Task prompt: All of the entries below need repeating exactly, apart from their images.

Data records below:

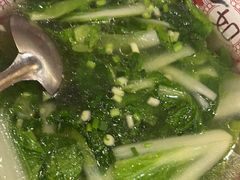 -陈胖子特色菜.鲜货现炒(融景城店)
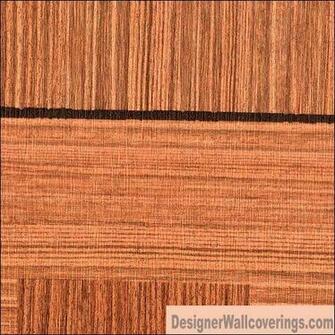 Faux Log Walls Designerwallcoverings Wallpapertore Index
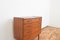 Mid-Century Norwegian Teak Chest of Drawers by Brothers Blindheim for Sykkylven, 1960s, Image 9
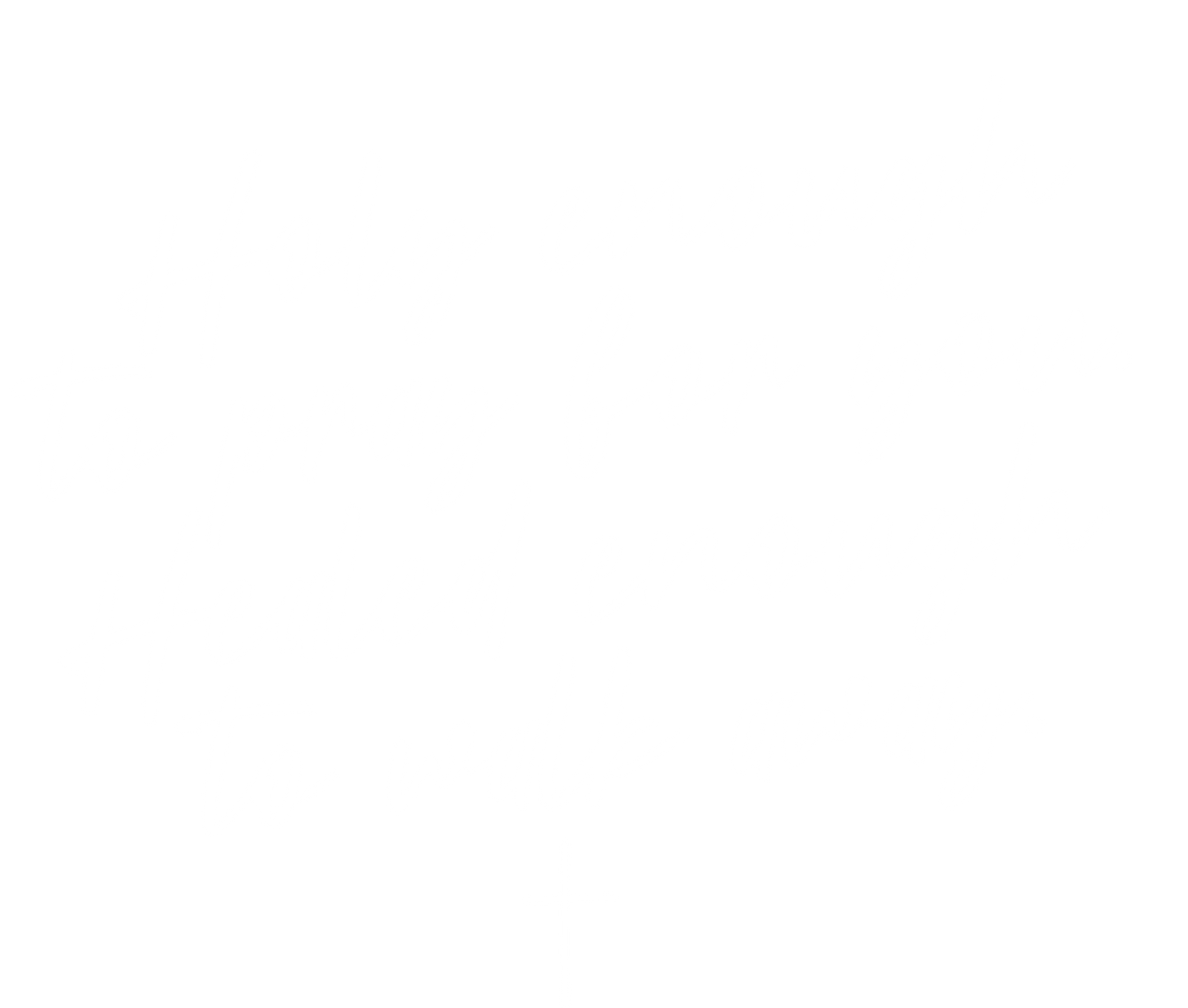 HOLY ENOUGH  - DECAL - MULTIPLE VARIATIONS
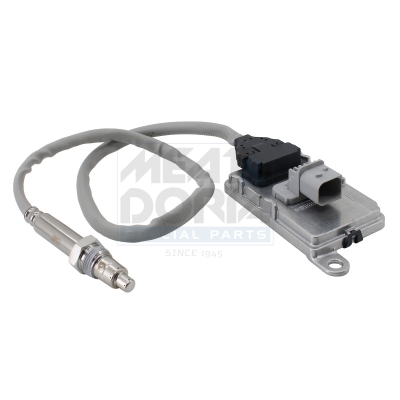 Nox-sensor (katalysator) Meat Doria 57150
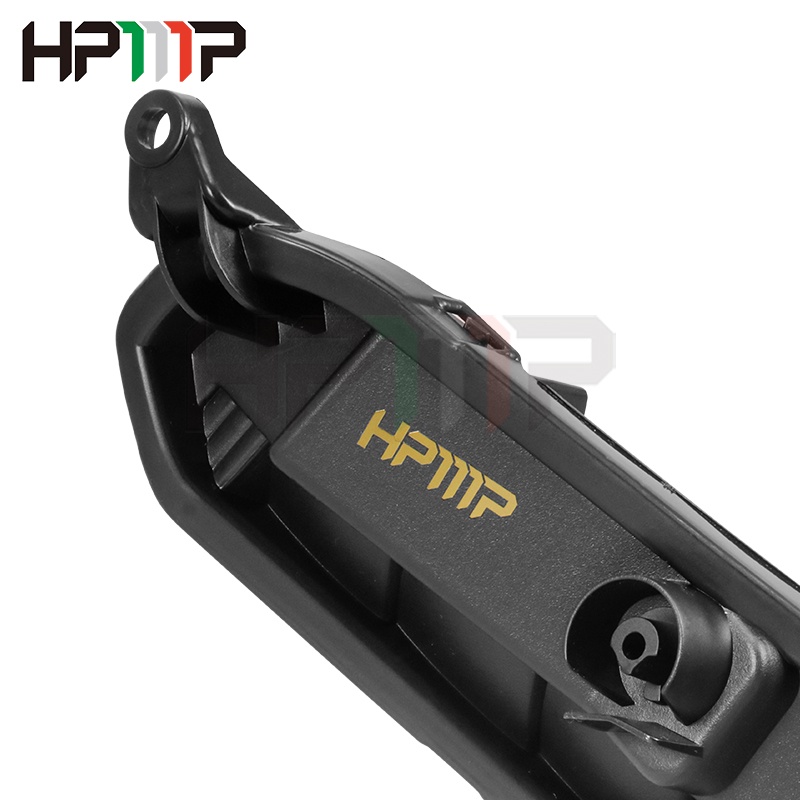 Đèn Led Tín Hiệu Ban Ngày Chất Lượng Cao Dành Cho Yamaha Y15ZR V1 V2 Sniper 150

End of Data records.

Result of this exercise:
 -陈胖子特色菜.鲜货现炒(融景城店)
 Faux Log Walls Designerwallcoverings Wallpapertore Index
 Mid-Century Norwegian Teak Chest of Drawers by Brothers Blindheim for Sykkylven, 1960s, Image 9
 HOLY ENOUGH  - DECAL - MULTIPLE VARIATIONS
 Nox-sensor (katalysator) Meat Doria 57150
 Đèn Led Tín Hiệu Ban Ngày Chất Lượng Cao Dành Cho Yamaha Y15ZR V1 V2 Sniper 150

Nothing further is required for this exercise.